Want better results from your Facebook ad campaigns? Are you making one of these six mistakes that could reduce your Facebook ad results?
In this article, you’ll discover six Facebook advertising mistakes and how to fix them.
#1: Mistake: Facebook Ads Aren’t Aligned With a Funnel
The biggest mistake that Facebook advertisers make on the platform is they launch ad campaigns without a strategy. This usually happens because there’s no barrier to entry—anyone with a Facebook ad account can launch a campaign in a few guided steps.
However, without a properly developed Facebook ad strategy based on your marketing assets, you can waste money implementing campaigns that aren’t structured to deliver the best results in the fastest time.

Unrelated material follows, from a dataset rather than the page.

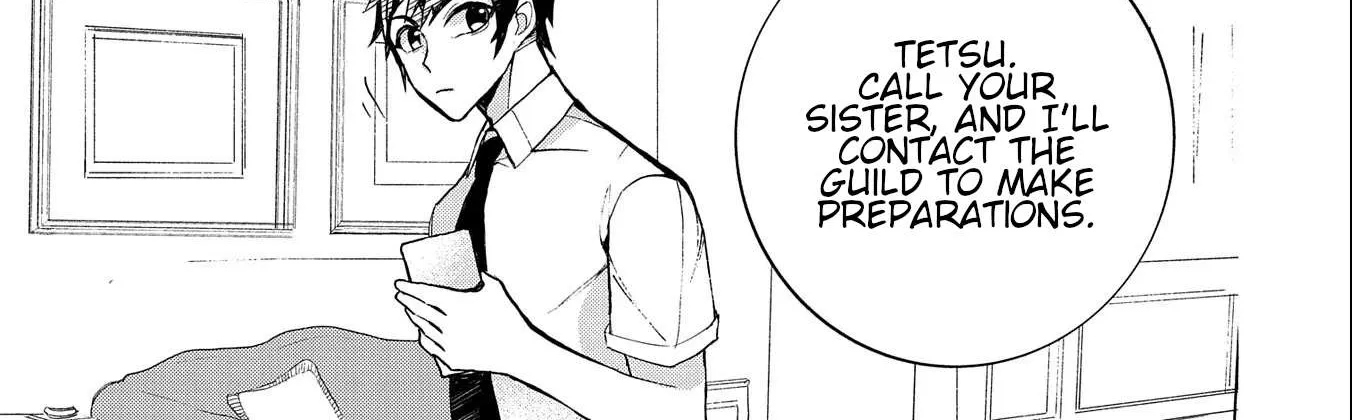 Urgent Request: How to Raise an Abandoned Dragon Chapter 9 page 34 -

You need a plan of action that when implemented correctly delivers your desired result. Develop a Facebook advertising strategy that moves someone from being a stranger to becoming a paying customer through a series of ad campaigns otherwise known as a Facebook ad funnel.
There are three stages to a successful Facebook ad funnel: awareness, level 1 remarketing (also known as engagement remarketing), and level 2 remarketing (also called website remarketing).
Awareness
At the top of the ad funnel is the awareness stage. Here, the goal is to generate awareness for your business. In doing so, you’re also building recognition in the Facebook news feed, which is important later in the funnel and for developing credibility and authority for your business.

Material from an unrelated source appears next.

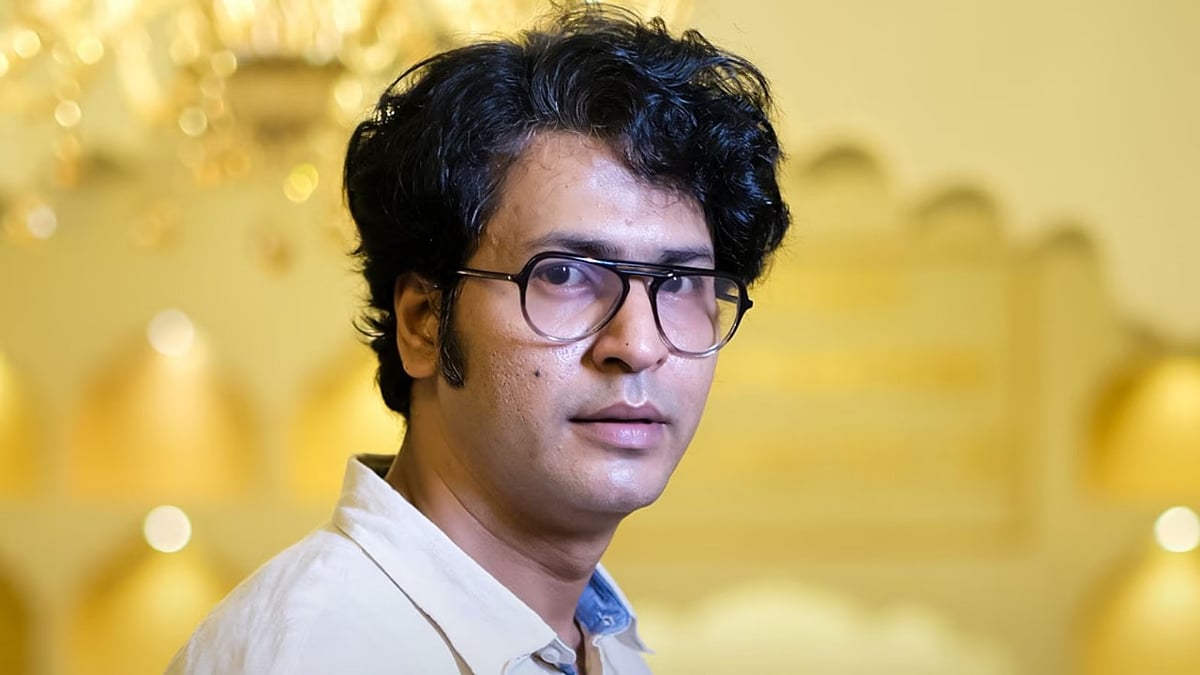 অনির্বাণ ভট্টাচার্য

At this stage, position educational or entertaining content-based ads to warm up your cold audiences. Video content works extremely well, allowing you to pull those engaged video viewers into a new video custom audience and move them to the next stage in the ad funnel.
Engagement Remarketing
The second stage is engagement remarketing. The goal is to build consideration of your products or services in the minds of your target audience. You’re driving people from Facebook or Instagram to your website to find out more and purchase.
The best way to do this is through some kind of promotion such as a discount for eCommerce or a trial/complimentary offer if you’re a software or service-based business.

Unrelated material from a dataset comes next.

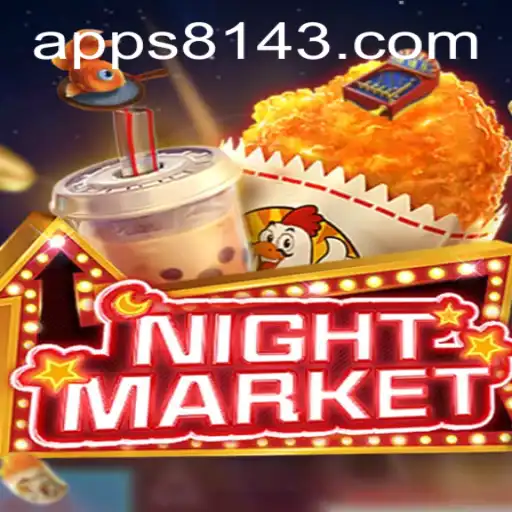 Explore NIGHTMARKET: The Thrilling New Game Experience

At this stage, target the video custom audiences of people who previously engaged with your video content from the awareness stage.
Website Remarketing
The third stage is website remarketing. The goal here is to drive sales and leads by engaging people who have visited your website. By targeting people who have already browsed your products or services, you’ll see much higher engagement and conversion rates from your ad campaigns.
At this stage, you want to reiterate the offer you made during the engagement remarketing stage, but this time, add social proof such as testimonials or create urgency in the form of reminder ads like the one shown below.
#2: Mistake: Running Facebook Ad Campaigns With a “Set It and Forget It” Mindset
The second biggest mistake that I see advertisers make (other than not having a strategy in the first place) is not managing campaigns after they’ve gone live.
If you set up a campaign and let it run on its own, it will decrease in effectiveness over time due to what’s known as Facebook ad fatigue. Ad fatigue is an issue that will affect even the most successful Facebook ad campaigns.
It occurs when your campaign frequency gets too high. Your target audiences see the same ads repeatedly and they become less responsive. This results in a decrease in your return on ad spend (ROAS), generating less revenue due to a higher cost per acquisition.
The key to developing sustainable results from Facebook advertising is to analyze your campaigns on an ongoing basis.
First, look at your ROAS to identify which campaigns are below your minimum acceptable return. Then, at the ad level of those low ROAS campaigns, look at what I call the CRFC metrics: cost per result, relevance (which is now three new metrics—quality ranking, conversion ranking, and landing page ranking), frequency, and CPM.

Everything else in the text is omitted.